Thank god for humor. My uniquely odd job as Cartoon Editor of the New Yorker these days is to review a constant deluge of jokes about the end of the world, certainly as we know it. But, as Amy so wonderfully illustrates time and again, we make jokes not just to sublimate pain or to keep reality at bay, but because sometimes terrible things are absurd things—just pick up any American newspaper for confirmation. And the ways in which we survive impossible situations can make fools of us, the only sane response to which is to laugh.

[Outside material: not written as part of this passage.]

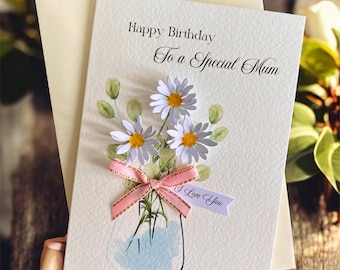 Personalised Daisy Birthday Card for Mum | 3D Handmade Special Keepsake Gift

Amy explores how trauma manifests over generations, not just through historical data points but through the most minute details of how we live. And that’s what single-panel, New Yorker cartoons are—hyper- specific observations and juxtapositions concisely conveyed that reveal something greater than their parts. Take, for instance, one cartoon of Amy’s that features the cover of an imaginary magazine called “Grandma Digest” which teases such deliciously specific articles as, “Who Called/ Who Never Calls,” “Fun Quiz!/ When are you getting married?”, “What’s in the Freezer/ It’s half a loaf of rye bread,” and “Top Ten Pieces of Furniture/ to wrap in plastic.” From the micro, we infer the macro. As Amy puts it in another cartoon depicting two scientists, one looking into a microscope: “Kind of makes you feel large and significant, doesn’t it?”
“I’m always mining life for a good story, but all I ever see, I fear, is just my own reflection,” Amy laments, in Flying Couch. Yet the fact is that each of our reflections, each of our sometimes claustrophobic-feeling experiences is rich with comedic and narrative fodder. Perhaps unsurprisingly, Amy’s upcoming book, Artificial, is another family memoir, this time about her inventor-scientist father’s quest to resurrect his father through artificial intelligence (fittingly, Amy has also published single-panel cartoons about enlightened self-driving cars and a robot cat passing the Turing test). We know that “happy families are all alike; every unhappy family is unhappy in its own way” (per Constance Garnett’s translation of Tolstoy). Purely happy families are also uniformly not funny (hence the TV laugh-track). The hilarity in being a part of a family that bickers, that is unique in its pain and its perseverance, is what allows for what Amy describes as “the moment of relief in the drawing of lines.” What she doesn’t name is the parallel moment of relief and pure delight we feel in the consumption of those drawings, for which I, and my mother, are exceedingly grateful.